衰退への危機感
こうした状況に書き手である作家は、危機感を募らせている。「G2」に掲載した「ルポ 外国人『隷属』労働者」で今年の大宅壮一ノンフィクション賞(雑誌部門)を受賞したジャーナリストの安田浩一さんは「ここ15年くらい僕らは書く場所を失い続けてきた。生命維持装置を一つ一つ外されてゆくようなもの。
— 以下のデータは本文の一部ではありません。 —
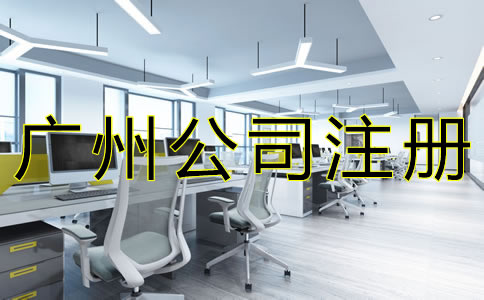 廣州代辦注冊(cè)公司機(jī)構(gòu)靠不靠譜？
発表の場がなければ書き手は減り、全体の質が低下して衰退する」と打ち明ける。
また、「G2」の青木さんは「かつては田中角栄氏や小泉純一郎氏など書くだけで読まれる取材対象があり、書き手についても沢木耕太郎さんのようにカリスマ的作家がいたが、今はどちらも生まれにくい」と、厳しい現状を指摘する。
紙媒体に代わる支え手として期待されるのがネットだ。だが情報消費のスピードが増し、ネットでは時間や労力をかけて取材した記事より、まとめサイトのように手軽に要点を知ることができる記事の方が読まれる傾向にある。「ネットの可能性は否定しないが、ネットメディアの記事の多くは現場に足を運んでこそ書ける身体性が薄く、風景が見えてこない。ただ、今の状況は問題に気づきながら何もできなかった僕らや業界の怠慢でもある。何ができるかを真剣に考えなければならない」と安田さんは言う。